[Rd] NA warnings for r<distr>() {aka "patch for random.c"}

Tue Mar 11 06:19:46 CET 2008

G'day Martin and others,

On Mon, 10 Mar 2008 12:06:01 +0100
Martin Maechler <maechler at stat.math.ethz.ch> wrote:

> >>>>> "BAT" == Berwin A Turlach <statba at nus.edu.sg>
> >>>>>     on Fri, 7 Mar 2008 23:54:06 +0800 writes:
>
>     BAT> After all,
> 
>     >> 1:2 + Inf
>     BAT> [1] Inf Inf
> 
>     BAT> does not create any warning either.  
> 
> but it doesn't give NA either.
> A bit more relevant (and I'm sure you meant implicitly)

You give me more credit than I deserve. :)
I was guided by what rexp() was doing when I chose that example, i.e.
(potentially) warning about NAs being created when actually +/- Infs
were created. In this thread I was already once or twice tempted to
comment on the appropriateness of the warning message but for various
reasonx always refrained from doing so.  
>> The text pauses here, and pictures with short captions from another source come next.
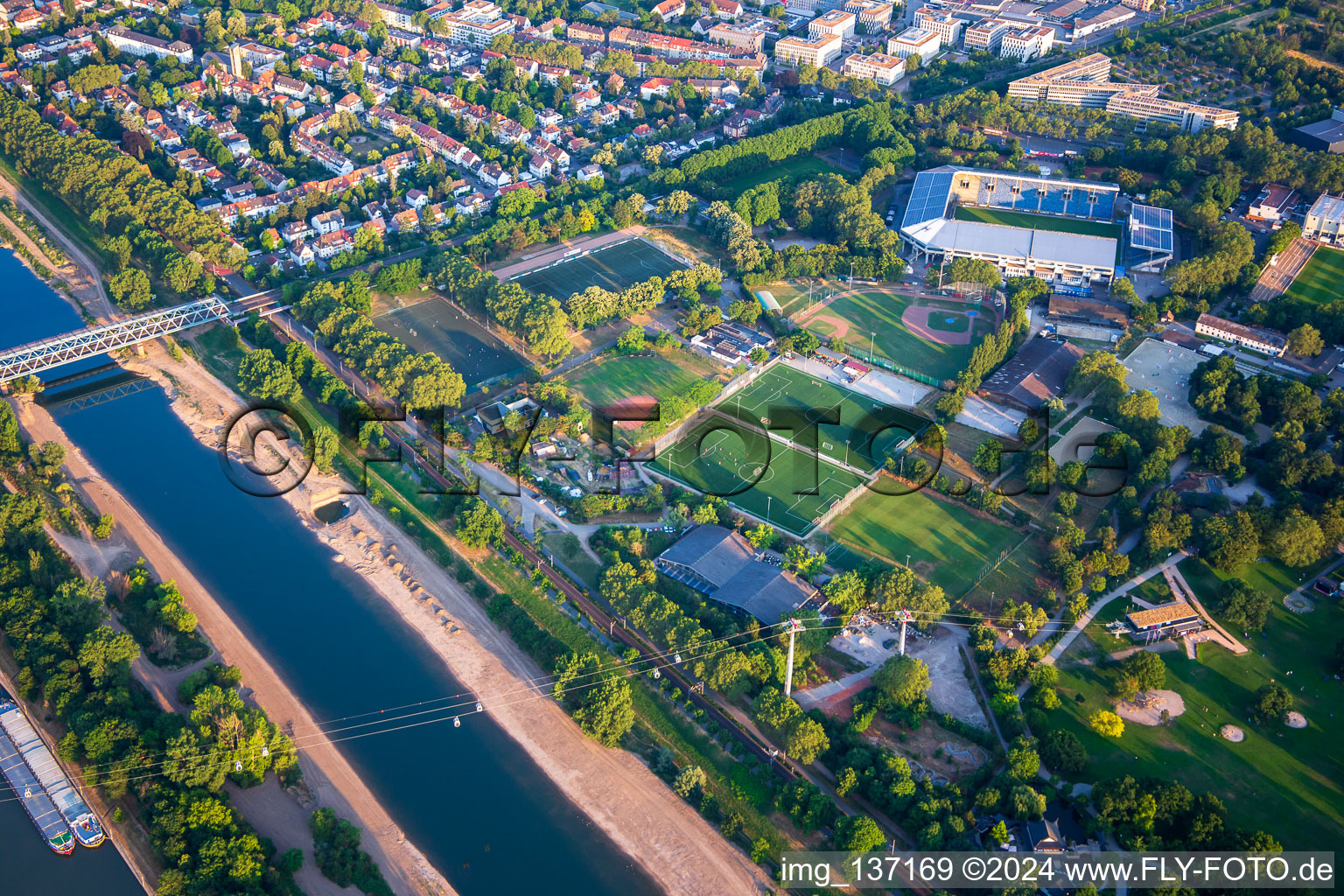 Cable car over the Neckar from Luisenpark to Spinellipark of the Federal Garden Show Mannheim BUGA 2023 in the district Oststadt in Mannheim in the state Baden-Wuerttemberg, Germany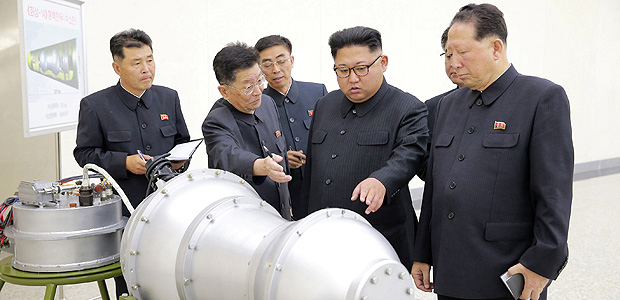 Ditador norte-coreano Kim Jong-un examina mssil em foto divulgada por seu governo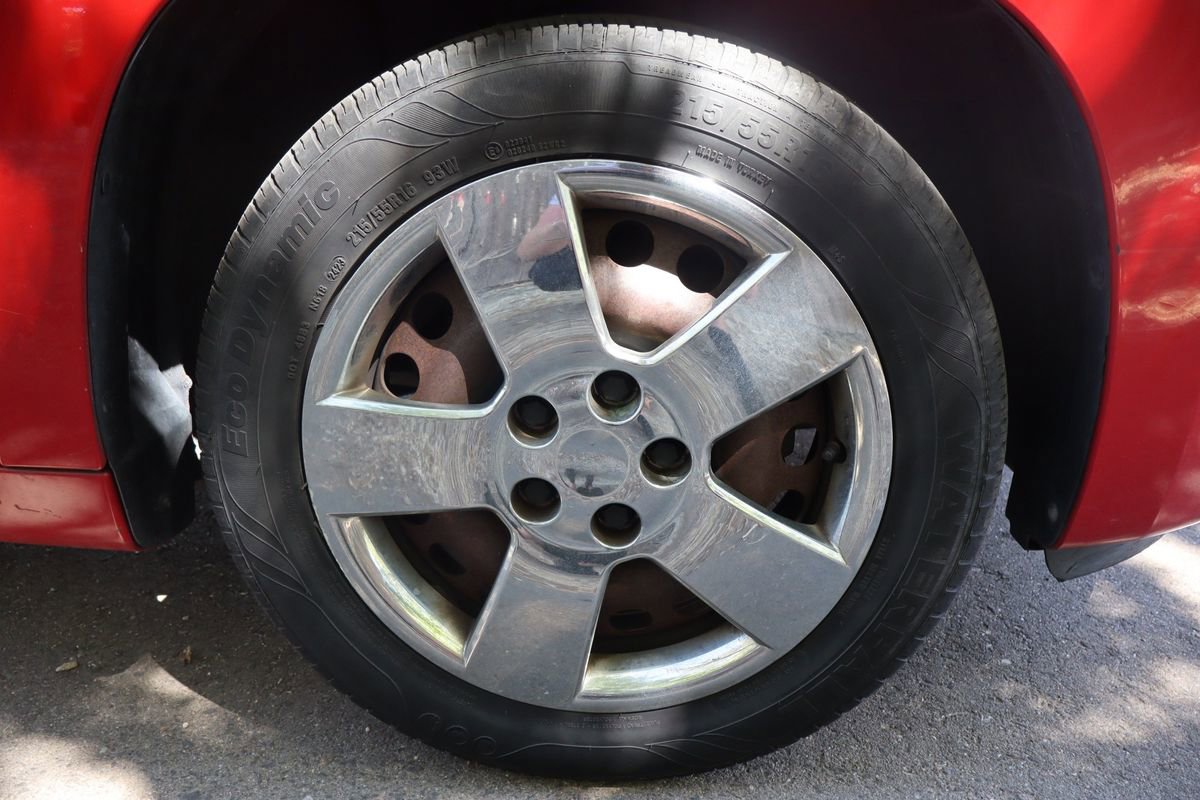 Used 2011 Chevrolet HHR LS image 41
> BTW, I've also found that I  
>      rnorm(n, mu=Inf) |--> NA  was not ok, and changed that to
>      rnorm(n, mu=Inf) |--> Inf
> 
> More feedback is welcome,
> but please now "start" with R-devel rev >= 44715

While I agree with this change, I think it opens a whole can of worms,
since it invites a rethink about all distributions.  At the moment
we have:

<snip>
R version 2.7.0 Under development (unstable) (2008-03-10 r44730)
<snip>
> set.seed(1) ; exp(rnorm(2))
[1] 0.5344838 1.2015872
> set.seed(1) ; rlnorm(2)
[1] 0.5344838 1.2015872
> set.seed(1) ; exp(rnorm(2, mean=c(-Inf,Inf)))
[1]   0 Inf
> set.seed(1) ; rlnorm(2, mean=c(-Inf,Inf))
[1] NaN NaN
Warning message:
In rlnorm(2, mean = c(-Inf, Inf)) : NAs produced

The first two lines give identical results, as one could reasonably
expect.  But the other two do not and I would argue that a user could
reasonably expect that the commands in these two lines should lead to
identical results.

Likewise, coming back to the one-parameter distribution used in this
thread for illustration purposes, the *exp() functions in R are
parameterised by the rate and an exponential random variable with rate
r has mean (1/r) and variance (1/r^2).  Thus, I would argue that
rexp(2, Inf) should return 0's and not NaN's, since in the limit
a rate of Inf seems to refer to a variable with mean 0 and variance 0,
i.e. the constant 0.  And it would also be "more consistent" with the
behaviour of rexp() when the rate parameter is "large but finite".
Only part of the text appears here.